Speech comprehension Flashcards
How does the brain process what we hear?
As phonemes which combine to form words and then sentences
Phonemes don’t always directly correspond with the grapheme when reading
What is the first stage of speech comprehension?
Auditory analysis - the listener processes sound waves to identify phonemes
What are the next two stages of speech comprehension?
Phonemes accessed
Phonemes combined to form words, then sentences accessed beyond this
What is meant by phoneme perception being “categorical”?
We hear subtly different sounds as the same phoneme and cannot distinguish between them e.g. variations of the “B” sound can be buh, bee etc.
There is the same kind of perceptual boundary between phoneme categories as there is between subtle shades of the same colour
What does the McGurk effect demonstrate?
Our phoneme perception can be overridden by simultaneous visual input i.e. sound alone is not the only contributor to our hearing experience, there is rapid integration across multiple modalities
Why is speech a complicated perceptual experience?
It is a rapid and relatively uninterrupted flow of sound at up to 10 phonemes a second
Listeners have to be able to extract the sequence of informative lexical items from this stream (like fishing)
How do we perceive unfamiliar languages?
Perceived as being faster even though same speed
We are having to identify the individual words as well as figure out how they are fitting within the context (playing a game without knowing the rules) - need to try to separate out each word from within the continuous flow
In what ways can we make the processing of an unfamiliar language a bit easier?
Speaking more slowly
Varying pitch to alter emphasis
Enunciate more carefully
What is meant by a speech segmentation error?
We are hearing identical sounds and where we determine the segmentation alters word meaning –> can cause problems with misunderstanding
What is meant by cross-modal priming?
When hearing a word aids the recognition of a subsequent visual word in lexical decision making tasks
Hearing a semantically related word can reduce reaction times for visually presented words
What was Shillcock’s cross-modal priming experiment?
Illustrated priming for “ghost words” i.e. we can find priming effects for words that aren’t even being said
“New discovery” primes the word nudist - simultaneous and congruent –> faster reaction time compared to if “novel discovery” heard
What was an explanation for Shillcock’s results?

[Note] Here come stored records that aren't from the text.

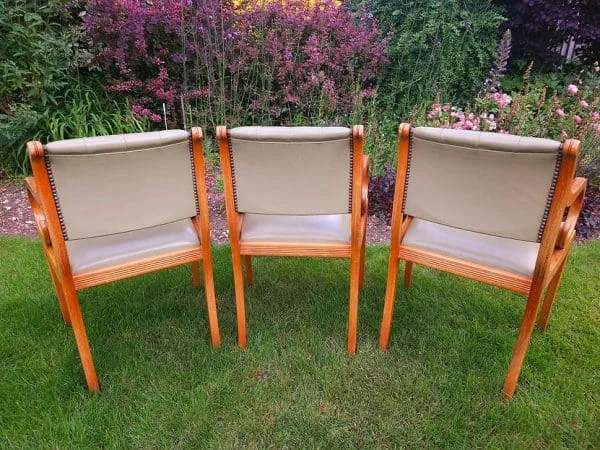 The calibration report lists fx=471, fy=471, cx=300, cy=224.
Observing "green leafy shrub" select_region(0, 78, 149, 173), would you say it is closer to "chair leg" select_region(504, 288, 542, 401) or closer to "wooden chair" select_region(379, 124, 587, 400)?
"wooden chair" select_region(379, 124, 587, 400)

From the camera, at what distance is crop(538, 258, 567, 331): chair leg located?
2.34 m

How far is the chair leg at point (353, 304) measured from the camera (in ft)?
7.18

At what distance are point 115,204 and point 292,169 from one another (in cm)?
72

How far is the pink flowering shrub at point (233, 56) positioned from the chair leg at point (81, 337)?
269 centimetres

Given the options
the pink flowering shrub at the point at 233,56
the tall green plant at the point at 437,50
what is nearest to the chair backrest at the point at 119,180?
the pink flowering shrub at the point at 233,56

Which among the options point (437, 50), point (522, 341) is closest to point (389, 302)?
point (522, 341)

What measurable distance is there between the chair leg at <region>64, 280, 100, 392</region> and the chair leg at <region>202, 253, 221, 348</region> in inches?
21.6

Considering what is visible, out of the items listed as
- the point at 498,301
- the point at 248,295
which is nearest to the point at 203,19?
the point at 248,295

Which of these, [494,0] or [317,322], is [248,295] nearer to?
[317,322]

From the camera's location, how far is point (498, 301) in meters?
2.67

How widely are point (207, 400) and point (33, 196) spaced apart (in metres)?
1.20

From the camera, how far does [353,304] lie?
226cm

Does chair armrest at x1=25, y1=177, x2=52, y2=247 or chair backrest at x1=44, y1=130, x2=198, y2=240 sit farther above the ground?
chair backrest at x1=44, y1=130, x2=198, y2=240

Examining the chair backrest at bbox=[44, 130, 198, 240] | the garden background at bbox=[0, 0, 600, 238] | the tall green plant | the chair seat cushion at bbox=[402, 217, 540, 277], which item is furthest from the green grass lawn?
the tall green plant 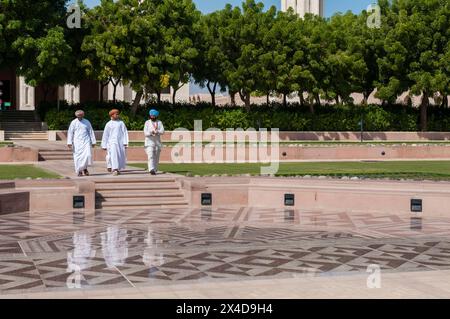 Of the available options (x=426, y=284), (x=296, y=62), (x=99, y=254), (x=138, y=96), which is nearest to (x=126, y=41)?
(x=138, y=96)

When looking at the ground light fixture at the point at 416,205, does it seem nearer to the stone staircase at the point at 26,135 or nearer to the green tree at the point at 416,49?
the stone staircase at the point at 26,135

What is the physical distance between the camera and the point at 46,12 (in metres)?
35.4

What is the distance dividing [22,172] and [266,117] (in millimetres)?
24573

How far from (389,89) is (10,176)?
1108 inches

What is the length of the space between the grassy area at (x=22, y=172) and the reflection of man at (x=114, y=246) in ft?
18.5

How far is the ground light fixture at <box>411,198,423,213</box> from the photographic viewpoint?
13070 mm

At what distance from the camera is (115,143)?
15.7 metres

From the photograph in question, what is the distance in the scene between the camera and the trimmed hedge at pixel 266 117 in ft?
123

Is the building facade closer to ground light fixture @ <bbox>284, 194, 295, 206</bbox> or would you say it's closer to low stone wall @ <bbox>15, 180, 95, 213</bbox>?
low stone wall @ <bbox>15, 180, 95, 213</bbox>

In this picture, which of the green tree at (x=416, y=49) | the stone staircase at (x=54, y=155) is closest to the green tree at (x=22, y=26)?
the stone staircase at (x=54, y=155)

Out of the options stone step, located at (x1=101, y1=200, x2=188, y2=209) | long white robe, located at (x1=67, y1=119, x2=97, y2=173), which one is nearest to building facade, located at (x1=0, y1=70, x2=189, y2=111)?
long white robe, located at (x1=67, y1=119, x2=97, y2=173)

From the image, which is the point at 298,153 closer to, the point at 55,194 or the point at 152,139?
the point at 152,139

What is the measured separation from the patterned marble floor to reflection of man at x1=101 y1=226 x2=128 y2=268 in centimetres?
1

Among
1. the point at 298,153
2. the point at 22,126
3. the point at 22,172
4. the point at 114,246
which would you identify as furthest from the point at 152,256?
the point at 22,126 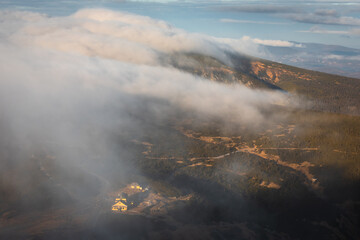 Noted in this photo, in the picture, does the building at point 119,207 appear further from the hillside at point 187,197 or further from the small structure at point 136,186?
the small structure at point 136,186

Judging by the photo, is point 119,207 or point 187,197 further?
point 187,197

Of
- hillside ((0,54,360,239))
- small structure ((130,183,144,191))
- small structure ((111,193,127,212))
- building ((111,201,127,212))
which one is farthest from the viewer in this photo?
small structure ((130,183,144,191))

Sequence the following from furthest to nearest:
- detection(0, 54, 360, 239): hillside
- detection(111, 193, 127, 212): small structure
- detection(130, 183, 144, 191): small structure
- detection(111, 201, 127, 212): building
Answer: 1. detection(130, 183, 144, 191): small structure
2. detection(111, 193, 127, 212): small structure
3. detection(111, 201, 127, 212): building
4. detection(0, 54, 360, 239): hillside

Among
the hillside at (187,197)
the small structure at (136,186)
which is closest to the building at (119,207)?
the hillside at (187,197)

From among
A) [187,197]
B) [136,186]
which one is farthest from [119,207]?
[187,197]

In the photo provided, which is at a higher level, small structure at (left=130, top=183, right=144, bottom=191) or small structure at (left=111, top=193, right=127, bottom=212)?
small structure at (left=111, top=193, right=127, bottom=212)

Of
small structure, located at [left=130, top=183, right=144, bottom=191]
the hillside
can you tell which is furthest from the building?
small structure, located at [left=130, top=183, right=144, bottom=191]

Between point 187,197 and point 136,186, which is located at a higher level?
point 136,186

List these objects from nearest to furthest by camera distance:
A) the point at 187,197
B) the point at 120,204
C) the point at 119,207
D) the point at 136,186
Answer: the point at 119,207 → the point at 120,204 → the point at 187,197 → the point at 136,186

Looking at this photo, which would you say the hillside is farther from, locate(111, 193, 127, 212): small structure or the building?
locate(111, 193, 127, 212): small structure

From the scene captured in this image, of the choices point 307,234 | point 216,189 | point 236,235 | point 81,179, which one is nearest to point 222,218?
point 236,235

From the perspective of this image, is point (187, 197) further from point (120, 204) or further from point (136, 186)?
point (120, 204) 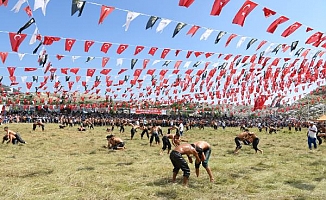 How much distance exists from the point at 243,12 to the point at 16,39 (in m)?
9.83

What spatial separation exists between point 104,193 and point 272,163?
25.0ft

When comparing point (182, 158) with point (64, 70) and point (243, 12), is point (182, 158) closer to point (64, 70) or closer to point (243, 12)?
point (243, 12)

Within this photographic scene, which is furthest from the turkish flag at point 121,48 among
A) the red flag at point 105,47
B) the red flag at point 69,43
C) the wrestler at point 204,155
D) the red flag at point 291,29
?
the wrestler at point 204,155

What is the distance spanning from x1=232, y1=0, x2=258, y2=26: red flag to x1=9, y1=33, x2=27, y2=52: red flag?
9.33m

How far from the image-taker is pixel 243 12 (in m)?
10.7

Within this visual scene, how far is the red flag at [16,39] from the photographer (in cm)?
1336

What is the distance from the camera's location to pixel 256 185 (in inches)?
338

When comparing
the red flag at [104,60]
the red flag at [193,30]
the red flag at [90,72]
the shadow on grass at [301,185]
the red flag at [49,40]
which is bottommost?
the shadow on grass at [301,185]

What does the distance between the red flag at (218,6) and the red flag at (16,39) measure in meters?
8.68

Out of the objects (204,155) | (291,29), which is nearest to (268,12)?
(291,29)

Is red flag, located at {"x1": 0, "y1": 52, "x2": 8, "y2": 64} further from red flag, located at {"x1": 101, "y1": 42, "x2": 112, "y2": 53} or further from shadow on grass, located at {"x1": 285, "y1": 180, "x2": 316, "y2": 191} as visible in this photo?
shadow on grass, located at {"x1": 285, "y1": 180, "x2": 316, "y2": 191}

Hearing “new discovery” activates all possible words the phonemes could correspond to i.e. “nudist” has phonetic similarity so is temporarily activated in the mental lexicon
What did Shillcock suggest?
People are able to temporarily perceive embedded words that aren’t physically there but which are formed by phonemes within the speech stream
Rapid inhibition using context means we don’t consciously perceive the incorrect words activated (subliminal effect) and instead we identify the correct words
The embedded word is, however, active just long enough to prime the visual target
How can Shillcock’s process be summarised?
We generate continuous hypotheses about what we are hearing –> all possible words activated -> evidence accrues and some activations continue while others are dampened
What was Warren’s phoneme restoration effect?
We are constantly trying to separate speech from background noise
In Warren’s experiment, a phoneme in a spoken sentence was replaced with a cough but subjects were unaware of the missing sound - the brain uses context to fill in missing information so we actually hear the right word normally, regardless of degraded auditory input (similar to what done when recognising words)
What was Warren and Warren’s experiment into missing phonemes?
Subjects heard sentences with phoneme missing from critical word (e.g. *eel) –> makes word ambiguous
Sentence context disambiguated the word to the point that subjects understood the sentence and didn’t actually register that there was a sound missing
Why was Warren and Warren’s experiment so interesting?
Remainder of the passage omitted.